We welcome the recent steps towards criminal justice reform, but we have quintuple the relative global incarceration rate and of these unconscionably high numbers, a disproportionate number of these are blacks, who account for roughly 13% of the American population. We need to repeal a vast number of laws, especially those affecting urban black communities, like drug offenses, where a disproportionate number of blacks are incarcerated. We also need to end some pet preferences of "law and order" conservatives with "get tough" policies like minimum sentences and "three strikes".
I don't like GOVERNMENT (not private) social welfare and affirmative action policies, which I think have harmed, not helped blacks. I will simply refer interested readers to the work of prominent black economists, like Thomas Sowell and Walter Williams.

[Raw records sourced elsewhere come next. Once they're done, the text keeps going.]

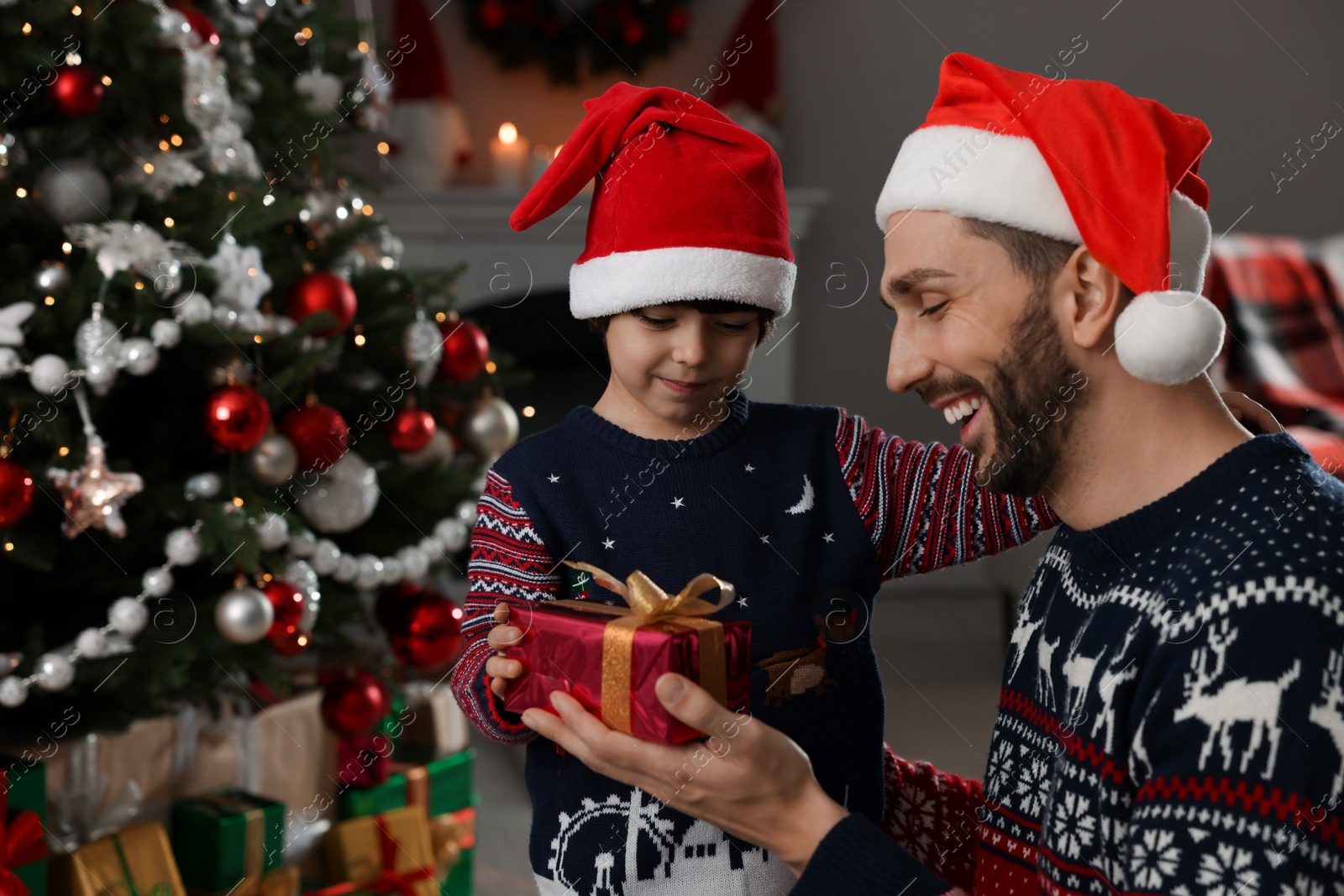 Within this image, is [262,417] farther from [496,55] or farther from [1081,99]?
[496,55]

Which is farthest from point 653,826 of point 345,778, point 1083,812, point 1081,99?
point 345,778

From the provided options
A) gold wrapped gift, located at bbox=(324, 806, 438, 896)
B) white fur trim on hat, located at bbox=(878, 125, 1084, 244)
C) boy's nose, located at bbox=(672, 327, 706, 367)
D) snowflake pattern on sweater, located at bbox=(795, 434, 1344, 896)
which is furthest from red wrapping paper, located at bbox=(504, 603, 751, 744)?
gold wrapped gift, located at bbox=(324, 806, 438, 896)

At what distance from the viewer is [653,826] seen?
3.34ft

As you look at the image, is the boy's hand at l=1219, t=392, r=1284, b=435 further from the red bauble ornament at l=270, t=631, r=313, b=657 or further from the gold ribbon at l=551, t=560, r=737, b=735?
→ the red bauble ornament at l=270, t=631, r=313, b=657

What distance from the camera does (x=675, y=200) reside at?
108 centimetres

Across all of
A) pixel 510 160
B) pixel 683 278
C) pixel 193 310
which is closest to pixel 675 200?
pixel 683 278

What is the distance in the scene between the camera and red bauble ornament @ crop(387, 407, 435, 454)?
1.96m

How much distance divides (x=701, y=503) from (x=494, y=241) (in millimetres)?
2844

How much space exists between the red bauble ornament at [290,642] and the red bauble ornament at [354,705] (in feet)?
0.77

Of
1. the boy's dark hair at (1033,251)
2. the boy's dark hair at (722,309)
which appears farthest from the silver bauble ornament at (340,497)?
the boy's dark hair at (1033,251)

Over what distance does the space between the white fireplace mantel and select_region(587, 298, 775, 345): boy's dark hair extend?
2.50 metres

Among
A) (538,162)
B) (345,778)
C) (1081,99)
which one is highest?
(538,162)

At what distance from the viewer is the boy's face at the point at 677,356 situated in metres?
1.06

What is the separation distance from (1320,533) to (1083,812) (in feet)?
0.80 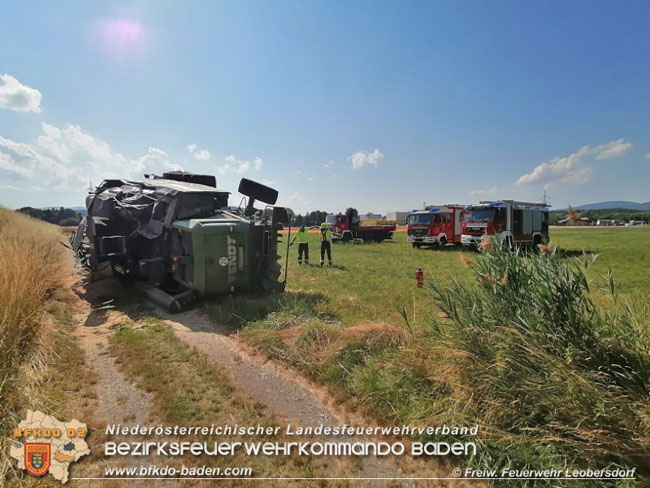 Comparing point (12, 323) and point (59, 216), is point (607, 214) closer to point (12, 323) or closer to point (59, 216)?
point (12, 323)

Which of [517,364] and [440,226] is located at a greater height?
[440,226]

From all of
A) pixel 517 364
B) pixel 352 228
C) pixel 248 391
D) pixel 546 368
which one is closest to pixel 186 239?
pixel 248 391

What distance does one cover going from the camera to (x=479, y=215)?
62.8ft

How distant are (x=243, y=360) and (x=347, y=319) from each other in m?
2.41

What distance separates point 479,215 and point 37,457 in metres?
20.4

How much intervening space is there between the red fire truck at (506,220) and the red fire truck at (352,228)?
35.0 ft

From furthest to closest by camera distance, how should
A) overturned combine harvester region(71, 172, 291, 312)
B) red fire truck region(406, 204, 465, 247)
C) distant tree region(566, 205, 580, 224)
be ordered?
red fire truck region(406, 204, 465, 247) < overturned combine harvester region(71, 172, 291, 312) < distant tree region(566, 205, 580, 224)

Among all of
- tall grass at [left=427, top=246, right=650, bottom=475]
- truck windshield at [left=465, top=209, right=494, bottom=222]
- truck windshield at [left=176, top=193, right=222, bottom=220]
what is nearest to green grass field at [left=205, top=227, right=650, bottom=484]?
tall grass at [left=427, top=246, right=650, bottom=475]

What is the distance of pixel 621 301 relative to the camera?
3189 mm

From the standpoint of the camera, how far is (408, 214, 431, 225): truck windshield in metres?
22.4

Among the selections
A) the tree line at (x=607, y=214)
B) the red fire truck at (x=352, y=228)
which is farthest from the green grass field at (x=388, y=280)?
the red fire truck at (x=352, y=228)

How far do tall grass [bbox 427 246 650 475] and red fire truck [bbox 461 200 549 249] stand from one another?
15.8 metres

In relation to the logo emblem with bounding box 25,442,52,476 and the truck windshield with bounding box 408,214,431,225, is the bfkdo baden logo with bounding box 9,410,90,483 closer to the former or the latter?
the logo emblem with bounding box 25,442,52,476

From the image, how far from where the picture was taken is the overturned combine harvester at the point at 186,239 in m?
7.09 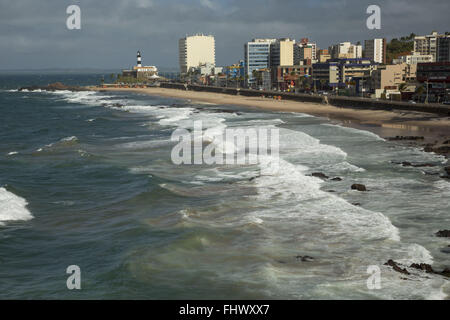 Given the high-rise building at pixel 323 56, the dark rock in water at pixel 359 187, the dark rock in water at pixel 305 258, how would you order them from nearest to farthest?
the dark rock in water at pixel 305 258 → the dark rock in water at pixel 359 187 → the high-rise building at pixel 323 56

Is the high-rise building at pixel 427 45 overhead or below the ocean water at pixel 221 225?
overhead

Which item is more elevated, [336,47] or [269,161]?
[336,47]

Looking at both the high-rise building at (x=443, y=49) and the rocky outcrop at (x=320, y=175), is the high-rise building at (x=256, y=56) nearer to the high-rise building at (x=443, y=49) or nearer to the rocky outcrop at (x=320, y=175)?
the high-rise building at (x=443, y=49)

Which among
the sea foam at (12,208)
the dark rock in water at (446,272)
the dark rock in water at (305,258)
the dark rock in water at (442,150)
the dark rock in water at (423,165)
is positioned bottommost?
the dark rock in water at (305,258)

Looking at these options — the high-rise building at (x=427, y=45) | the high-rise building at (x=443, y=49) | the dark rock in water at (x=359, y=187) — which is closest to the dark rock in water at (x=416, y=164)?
the dark rock in water at (x=359, y=187)

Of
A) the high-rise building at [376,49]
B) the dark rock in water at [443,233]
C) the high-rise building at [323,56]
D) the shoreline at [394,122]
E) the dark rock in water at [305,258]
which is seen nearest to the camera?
the dark rock in water at [305,258]

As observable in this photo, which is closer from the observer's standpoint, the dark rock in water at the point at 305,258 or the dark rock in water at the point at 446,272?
the dark rock in water at the point at 446,272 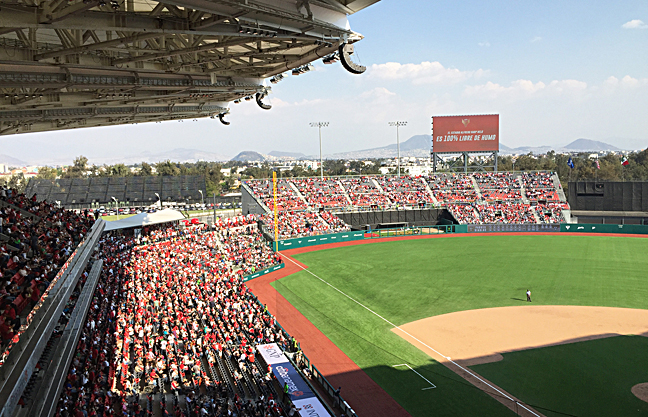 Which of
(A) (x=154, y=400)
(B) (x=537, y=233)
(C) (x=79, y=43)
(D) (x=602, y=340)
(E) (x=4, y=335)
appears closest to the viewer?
(E) (x=4, y=335)

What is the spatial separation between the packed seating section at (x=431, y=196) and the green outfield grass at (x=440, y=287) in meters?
6.37

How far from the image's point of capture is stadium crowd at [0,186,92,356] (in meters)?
9.46

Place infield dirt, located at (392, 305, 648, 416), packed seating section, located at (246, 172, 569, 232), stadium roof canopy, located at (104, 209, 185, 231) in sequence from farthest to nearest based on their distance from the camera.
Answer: packed seating section, located at (246, 172, 569, 232) → stadium roof canopy, located at (104, 209, 185, 231) → infield dirt, located at (392, 305, 648, 416)

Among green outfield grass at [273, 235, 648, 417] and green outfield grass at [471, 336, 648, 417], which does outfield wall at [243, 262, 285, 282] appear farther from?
green outfield grass at [471, 336, 648, 417]

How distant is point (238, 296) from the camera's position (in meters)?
22.7

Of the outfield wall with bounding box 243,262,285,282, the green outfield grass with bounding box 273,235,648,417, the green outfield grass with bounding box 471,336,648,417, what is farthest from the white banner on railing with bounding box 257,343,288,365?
the outfield wall with bounding box 243,262,285,282

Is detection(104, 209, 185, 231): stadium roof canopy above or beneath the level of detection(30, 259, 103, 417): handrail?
above

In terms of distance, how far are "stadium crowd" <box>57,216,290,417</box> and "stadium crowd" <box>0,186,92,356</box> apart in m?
3.02

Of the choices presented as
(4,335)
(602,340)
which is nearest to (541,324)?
(602,340)

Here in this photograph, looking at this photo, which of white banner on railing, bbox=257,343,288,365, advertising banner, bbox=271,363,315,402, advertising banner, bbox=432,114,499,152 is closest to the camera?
advertising banner, bbox=271,363,315,402

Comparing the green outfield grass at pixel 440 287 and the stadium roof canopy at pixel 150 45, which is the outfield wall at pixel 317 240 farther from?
the stadium roof canopy at pixel 150 45

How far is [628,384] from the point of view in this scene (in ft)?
53.7

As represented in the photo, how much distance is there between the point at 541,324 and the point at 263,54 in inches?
733

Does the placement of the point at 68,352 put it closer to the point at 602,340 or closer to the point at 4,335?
the point at 4,335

Personally, I have evolved. There was a time where I found the construct "black lives matter" somewhat inconsistent with the color-blind intent of the post-slavery 14th Amendment. "All lives matter": true enough. But it's hard to argue that the black population has been treated the same, especially by government, federal, state or local. The fourteenth amendment was laxly enforced for nearly a century. It seems every day some stupid regulation, like one over baggy pants, is passed, which targets especially blacks. We have political obstacles in the way of people of color. We have a moral responsibility to fix a government and bad public policy which disproportionately targets the black community.
It's also time for blacks to push back against paternalist Dem "progressive" leadership which has failed most urban communities but thinks are owed political loyalty. Make no mistake: schools are still failing, employment prospects are still challenging, and young black people are still being imprisoned. We can say "black lives matter" not by targeting Confederate and other statues (which don't do a damn thing for most black people but are a Dem version of "wag the dog"), but by providing political reforms, like some of the ones I discuss above.